Records contained in a dataset:

»»

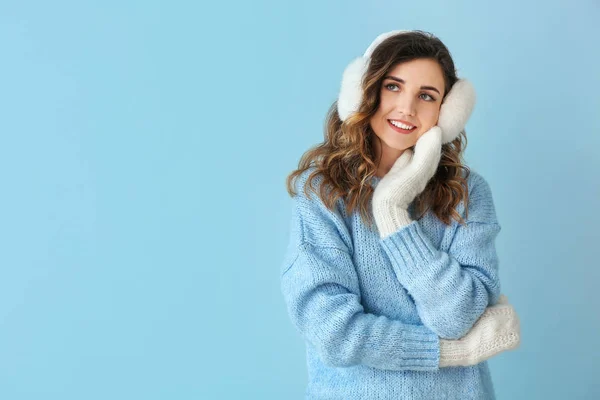 Beautiful young woman in warm sweater and mittens on color background — 스톡 사진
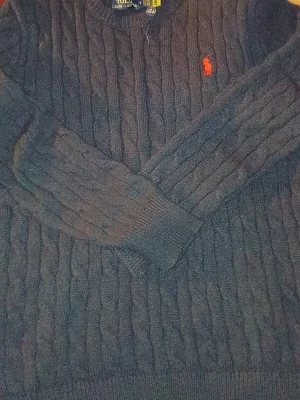 Mörkblå kabelstickad tröja Polo Ralph Lauren - Kabelstickad mörkblå tröja från Polo Ralph Lauren med klassisk röd logga broderad på bröstet. Tröjan har rund halsringning, långa ärmar och ribbade muddar. Perfekt för dig som gillar tidlös och stilren design.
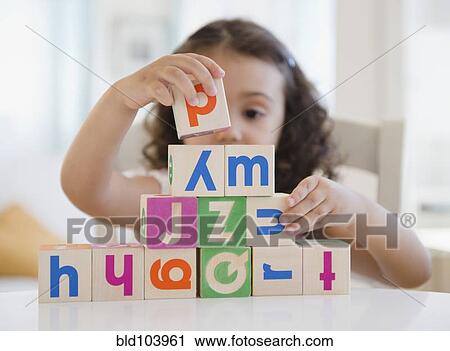 Mixed race girl stacking blocks View Large Photo Image Stock Image - Mixed race girl stacking blocks. Fotosearch
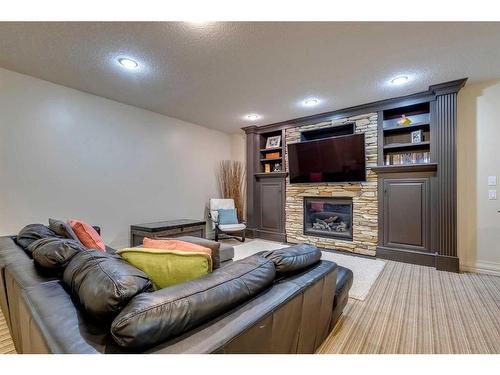 15 Crestridge Point Sw, Calgary, AB - Indoor With Fireplace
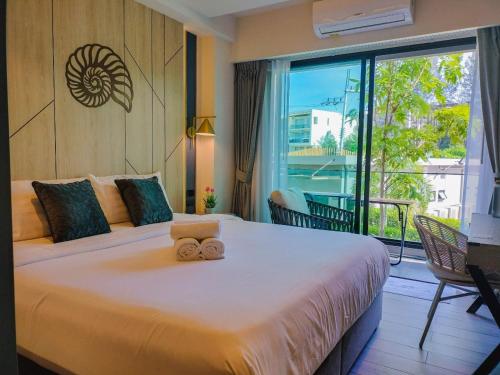 a bedroom with a large bed and a balcony at Carapace Residents Huahin-Khaotao in Khao Tao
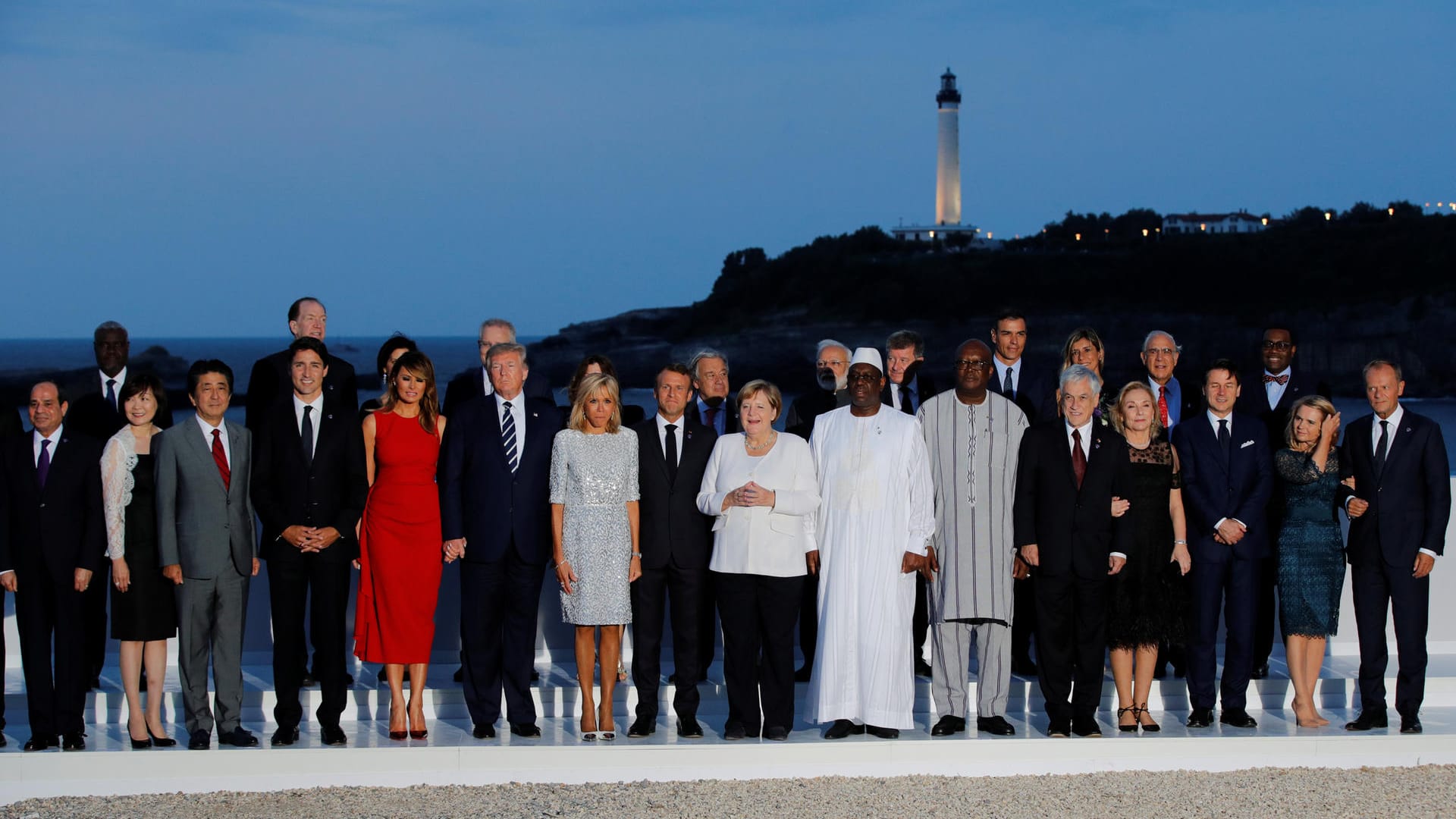 Familienfoto: Die Staats- und Regierungschefs mit Ehepartnern – von links: Japans Premierminister Shinzō Abe, Kanadas Premier Justin Trudeau, US-Präsident Trump, Gastgeber Emmanuel Macron, Angela Merkel und der geschäftsführende italienische Premier Giuseppe Conte mit geladenen Gästen.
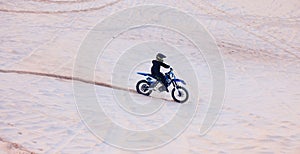 Sand, travel or athlete driving motorcycle for action, adventure or fitness with performance or adrenaline. Desert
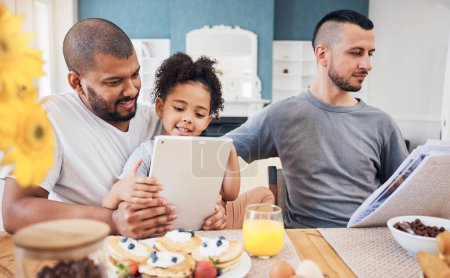 Photo for Gay family, tablet and child with breakfast at home for e learning, bonding and education on internet. Adoption, lgbt men or parents with a happy kid and technology in morning with food on a table. - Royalty Free Image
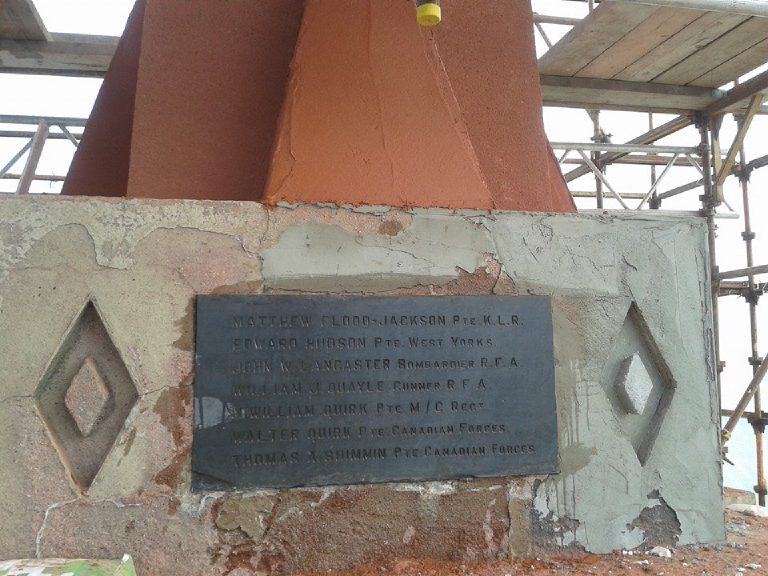 The original red stone plinth being made good, the shaft above already rendered terracotta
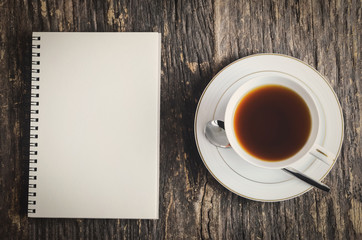 Obraz na płótnie Canvas White notebook and cup of tea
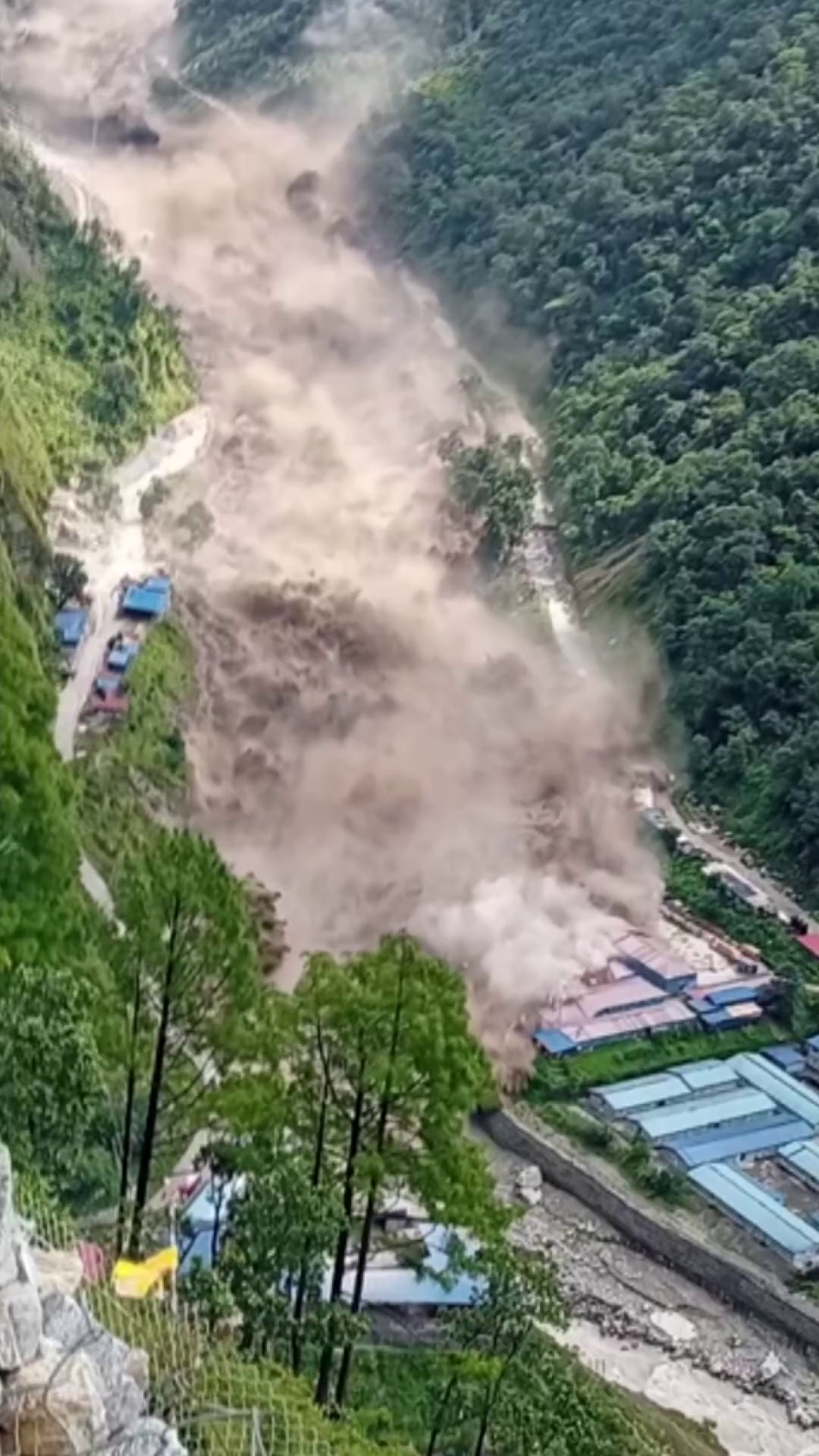 Torrent of murky water engulfs an engineering basecamp situated in a valley.
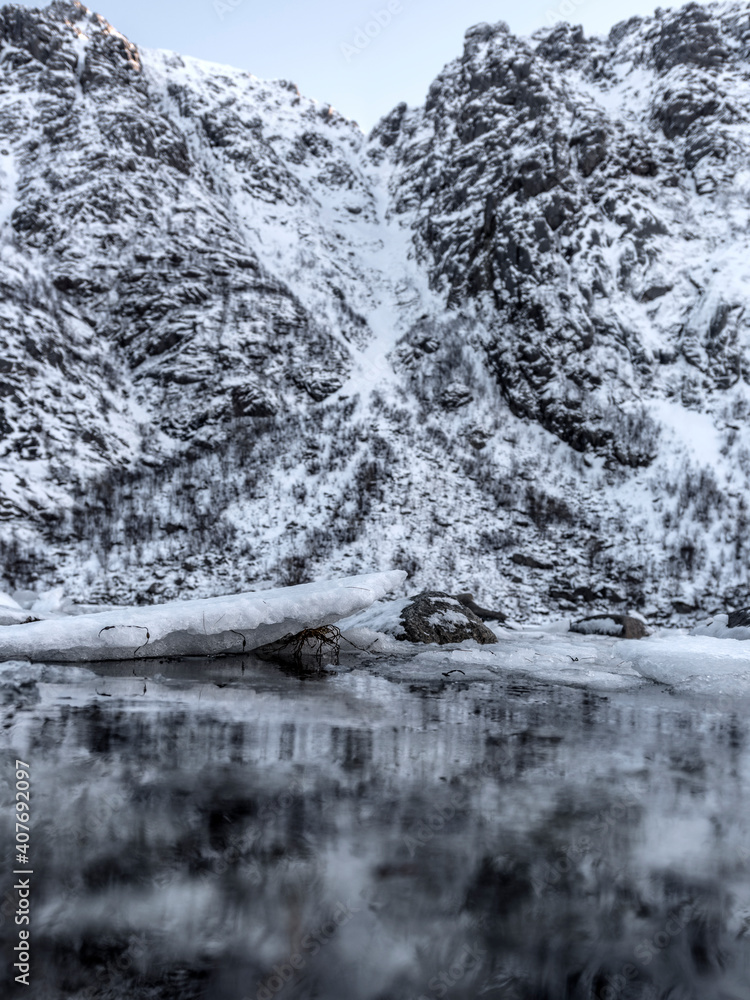 Obraz premium Winter landscape on a lake during Lofoten islands winter. Snow and ice melting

««

Work item: Output only the lines that run from the line containing "Sand, travel or" to the last line of the data, exactly as they stand and without pictures.

Reply:
 Sand, travel or athlete driving motorcycle for action, adventure or fitness with performance or adrenaline. Desert
 Photo for Gay family, tablet and child with breakfast at home for e learning, bonding and education on internet. Adoption, lgbt men or parents with a happy kid and technology in morning with food on a table. - Royalty Free Image
 The original red stone plinth being made good, the shaft above already rendered terracotta
 Obraz na płótnie Canvas White notebook and cup of tea
 Torrent of murky water engulfs an engineering basecamp situated in a valley.
 Obraz premium Winter landscape on a lake during Lofoten islands winter. Snow and ice melting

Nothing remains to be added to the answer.